## TASK PROMPT
Would you retype all of these records exactly?

## RAW DATA

= = = = =

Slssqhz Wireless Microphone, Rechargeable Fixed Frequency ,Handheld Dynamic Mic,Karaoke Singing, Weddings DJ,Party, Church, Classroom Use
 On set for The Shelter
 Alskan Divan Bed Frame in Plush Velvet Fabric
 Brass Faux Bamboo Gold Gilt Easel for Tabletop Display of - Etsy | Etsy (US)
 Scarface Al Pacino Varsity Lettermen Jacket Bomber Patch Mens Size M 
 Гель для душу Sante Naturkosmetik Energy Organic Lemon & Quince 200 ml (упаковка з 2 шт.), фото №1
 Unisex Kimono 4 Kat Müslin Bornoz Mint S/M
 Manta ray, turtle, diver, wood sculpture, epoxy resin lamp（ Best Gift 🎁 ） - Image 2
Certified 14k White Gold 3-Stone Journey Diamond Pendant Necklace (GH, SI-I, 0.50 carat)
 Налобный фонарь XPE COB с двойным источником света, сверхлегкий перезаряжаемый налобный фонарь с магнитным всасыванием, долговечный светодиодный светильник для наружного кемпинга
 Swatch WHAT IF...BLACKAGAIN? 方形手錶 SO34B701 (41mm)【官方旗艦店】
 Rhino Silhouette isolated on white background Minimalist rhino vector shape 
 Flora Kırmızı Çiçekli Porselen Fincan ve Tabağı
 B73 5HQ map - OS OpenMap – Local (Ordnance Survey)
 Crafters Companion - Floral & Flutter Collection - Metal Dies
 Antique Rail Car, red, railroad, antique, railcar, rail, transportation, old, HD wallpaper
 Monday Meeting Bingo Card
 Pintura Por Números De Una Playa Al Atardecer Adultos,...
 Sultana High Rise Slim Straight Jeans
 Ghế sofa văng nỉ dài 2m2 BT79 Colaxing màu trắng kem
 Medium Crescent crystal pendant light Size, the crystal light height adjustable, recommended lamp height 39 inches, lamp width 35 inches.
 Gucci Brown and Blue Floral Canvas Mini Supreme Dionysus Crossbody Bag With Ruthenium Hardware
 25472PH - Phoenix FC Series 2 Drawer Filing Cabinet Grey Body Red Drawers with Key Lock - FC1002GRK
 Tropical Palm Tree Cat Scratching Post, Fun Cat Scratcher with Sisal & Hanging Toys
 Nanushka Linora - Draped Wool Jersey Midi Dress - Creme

= = = = =

## TASK RESPONSE
Slssqhz Wireless Microphone, Rechargeable Fixed Frequency ,Handheld Dynamic Mic,Karaoke Singing, Weddings DJ,Party, Church, Classroom Use
 On set for The Shelter
 Alskan Divan Bed Frame in Plush Velvet Fabric
 Brass Faux Bamboo Gold Gilt Easel for Tabletop Display of - Etsy | Etsy (US)
 Scarface Al Pacino Varsity Lettermen Jacket Bomber Patch Mens Size M 
 Гель для душу Sante Naturkosmetik Energy Organic Lemon & Quince 200 ml (упаковка з 2 шт.), фото №1
 Unisex Kimono 4 Kat Müslin Bornoz Mint S/M
 Manta ray, turtle, diver, wood sculpture, epoxy resin lamp（ Best Gift 🎁 ） - Image 2
Certified 14k White Gold 3-Stone Journey Diamond Pendant Necklace (GH, SI-I, 0.50 carat)
 Налобный фонарь XPE COB с двойным источником света, сверхлегкий перезаряжаемый налобный фонарь с магнитным всасыванием, долговечный светодиодный светильник для наружного кемпинга
 Swatch WHAT IF...BLACKAGAIN? 方形手錶 SO34B701 (41mm)【官方旗艦店】
 Rhino Silhouette isolated on white background Minimalist rhino vector shape 
 Flora Kırmızı Çiçekli Porselen Fincan ve Tabağı
 B73 5HQ map - OS OpenMap – Local (Ordnance Survey)
 Crafters Companion - Floral & Flutter Collection - Metal Dies
 Antique Rail Car, red, railroad, antique, railcar, rail, transportation, old, HD wallpaper
 Monday Meeting Bingo Card
 Pintura Por Números De Una Playa Al Atardecer Adultos,...
 Sultana High Rise Slim Straight Jeans
 Ghế sofa văng nỉ dài 2m2 BT79 Colaxing màu trắng kem
 Medium Crescent crystal pendant light Size, the crystal light height adjustable, recommended lamp height 39 inches, lamp width 35 inches.
 Gucci Brown and Blue Floral Canvas Mini Supreme Dionysus Crossbody Bag With Ruthenium Hardware
 25472PH - Phoenix FC Series 2 Drawer Filing Cabinet Grey Body Red Drawers with Key Lock - FC1002GRK
 Tropical Palm Tree Cat Scratching Post, Fun Cat Scratcher with Sisal & Hanging Toys
 Nanushka Linora - Draped Wool Jersey Midi Dress - Creme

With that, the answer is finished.